**Exercise requirements:** Each line below from the line with "this 800×450 image." to the line with "this 325×183 image." must be copied exactly, including those two, and no picture may appear in the copy.
Data shown below:
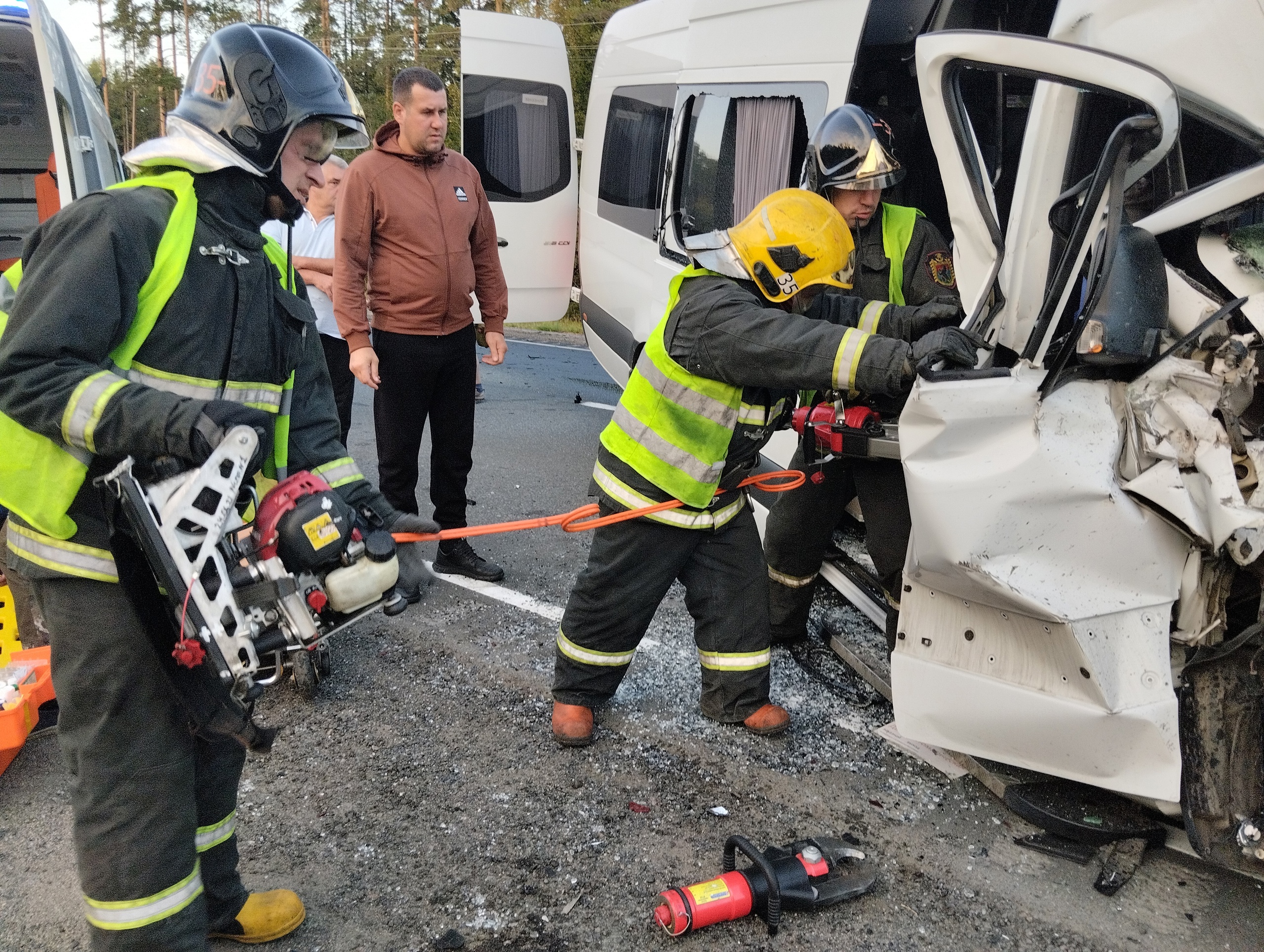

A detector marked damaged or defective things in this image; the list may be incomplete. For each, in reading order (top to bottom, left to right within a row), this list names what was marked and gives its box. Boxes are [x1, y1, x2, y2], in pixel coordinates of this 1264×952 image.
End of Data shown.
Data shown below:
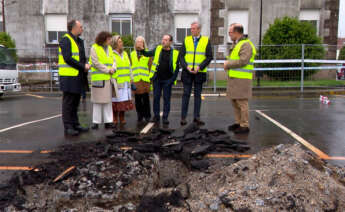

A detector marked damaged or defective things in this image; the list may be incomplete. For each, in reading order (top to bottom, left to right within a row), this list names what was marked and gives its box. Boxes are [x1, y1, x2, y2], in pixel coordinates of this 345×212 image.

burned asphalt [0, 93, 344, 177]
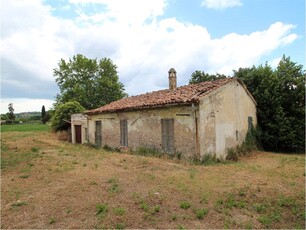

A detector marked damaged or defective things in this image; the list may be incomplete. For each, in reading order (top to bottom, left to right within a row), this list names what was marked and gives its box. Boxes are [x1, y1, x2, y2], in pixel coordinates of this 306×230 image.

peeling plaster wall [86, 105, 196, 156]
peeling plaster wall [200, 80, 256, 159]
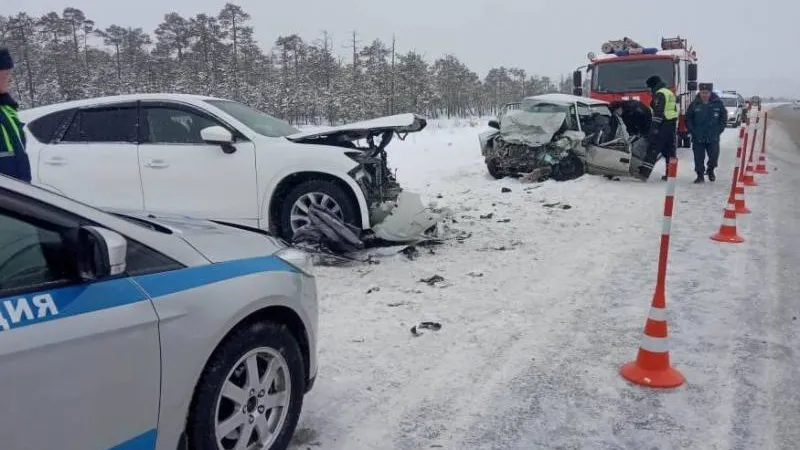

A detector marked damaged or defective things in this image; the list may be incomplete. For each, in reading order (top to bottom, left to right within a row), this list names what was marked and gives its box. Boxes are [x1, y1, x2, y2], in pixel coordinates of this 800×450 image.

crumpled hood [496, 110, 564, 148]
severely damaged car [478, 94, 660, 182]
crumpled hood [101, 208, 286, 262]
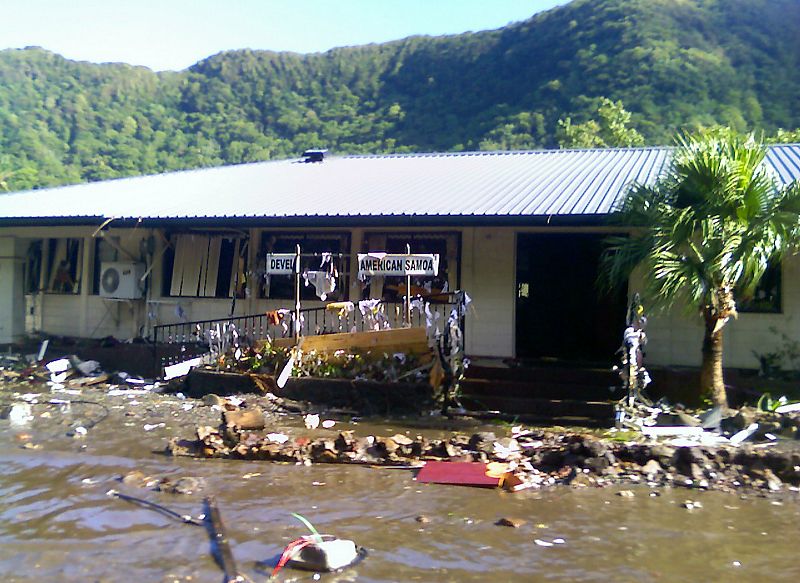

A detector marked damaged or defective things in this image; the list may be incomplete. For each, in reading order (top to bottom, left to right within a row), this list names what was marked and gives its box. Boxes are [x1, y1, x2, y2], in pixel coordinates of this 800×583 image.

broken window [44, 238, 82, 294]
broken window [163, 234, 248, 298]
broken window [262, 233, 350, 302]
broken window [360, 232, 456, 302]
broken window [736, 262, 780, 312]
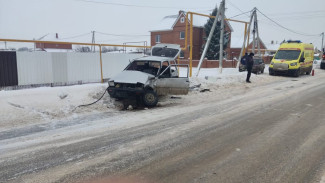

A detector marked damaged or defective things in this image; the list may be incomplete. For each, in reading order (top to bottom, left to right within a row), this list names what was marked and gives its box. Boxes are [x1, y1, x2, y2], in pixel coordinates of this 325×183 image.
End of Data shown.
Data shown below:
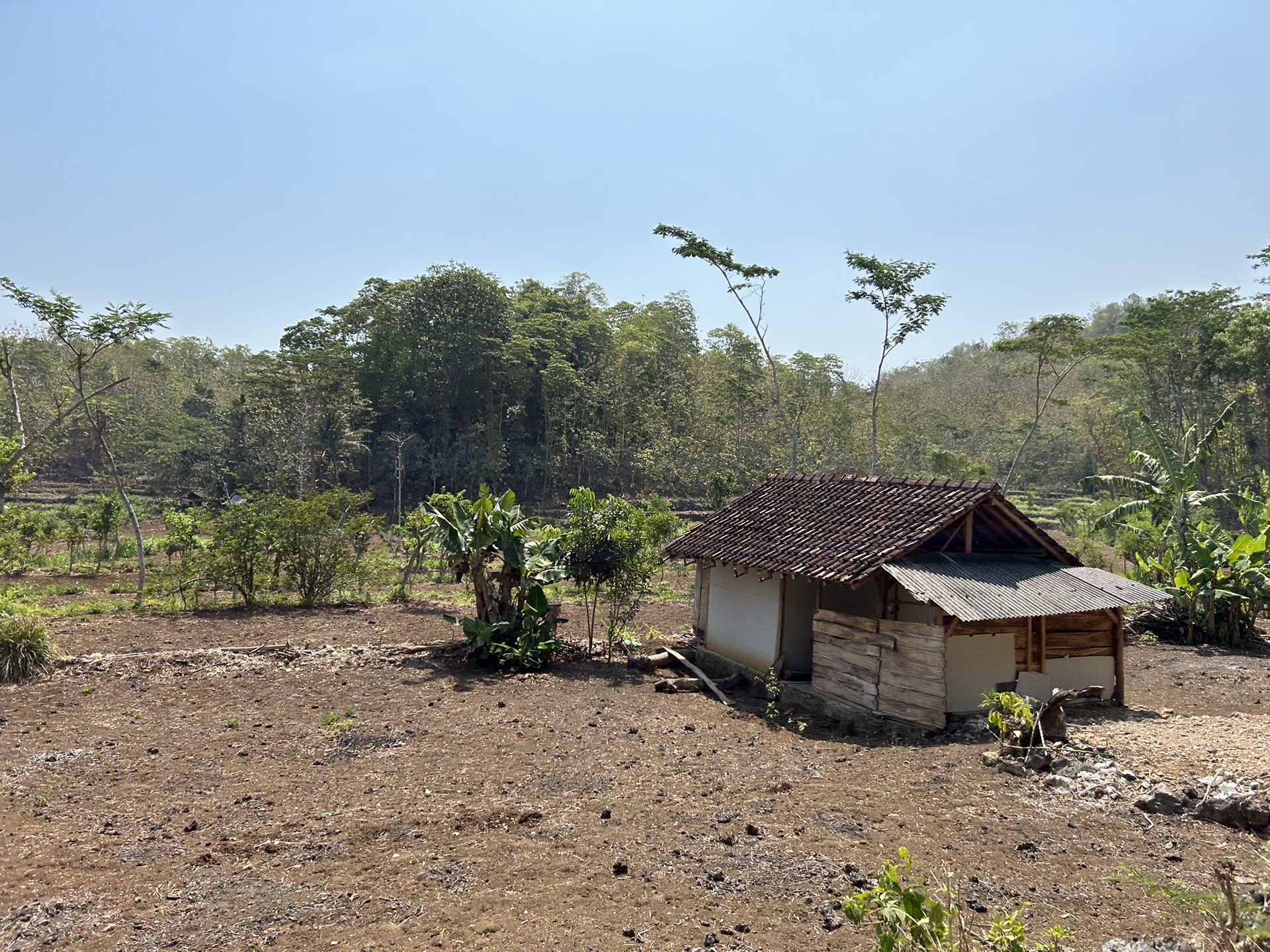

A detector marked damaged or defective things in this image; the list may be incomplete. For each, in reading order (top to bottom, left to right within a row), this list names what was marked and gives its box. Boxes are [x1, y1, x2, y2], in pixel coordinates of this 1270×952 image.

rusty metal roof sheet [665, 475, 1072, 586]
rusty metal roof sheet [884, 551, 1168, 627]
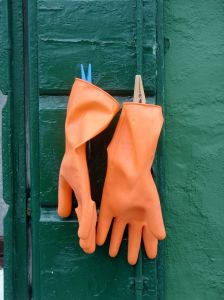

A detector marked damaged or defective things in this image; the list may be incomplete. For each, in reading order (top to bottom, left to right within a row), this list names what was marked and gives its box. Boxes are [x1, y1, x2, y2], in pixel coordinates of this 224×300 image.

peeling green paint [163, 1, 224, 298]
End of Data shown.
**Response to this exercise:**
A detector marked damaged or defective things in this image; the list may be incomplete. For each, in reading order (top to bottom, left to right within a row), this list names what was marked and gives its box. Boxes are [x1, y1, x2, y2], in pixel coordinates of this 800×450 image.

crumpled hood [496, 110, 564, 148]
severely damaged car [478, 94, 660, 182]
crumpled hood [101, 208, 286, 262]

A detector marked damaged or defective things in this image; the list may be incomplete. For each, in reading order (top to bottom, left to right within a row), this list names what was marked and gives its box. Boxes are [x1, y1, x2, y2], in pixel coordinates of this 800×583 image.

broken window [44, 238, 82, 294]
broken window [163, 234, 248, 298]
broken window [262, 233, 350, 302]
broken window [360, 232, 456, 302]
broken window [736, 262, 780, 312]

A detector marked damaged or defective things in this image; the list may be incomplete. For each, in reading order (top to bottom, left to right within a row), this list names what was marked and gives its box. Boxes are [x1, y1, x2, y2], in pixel coordinates of this 325×183 image.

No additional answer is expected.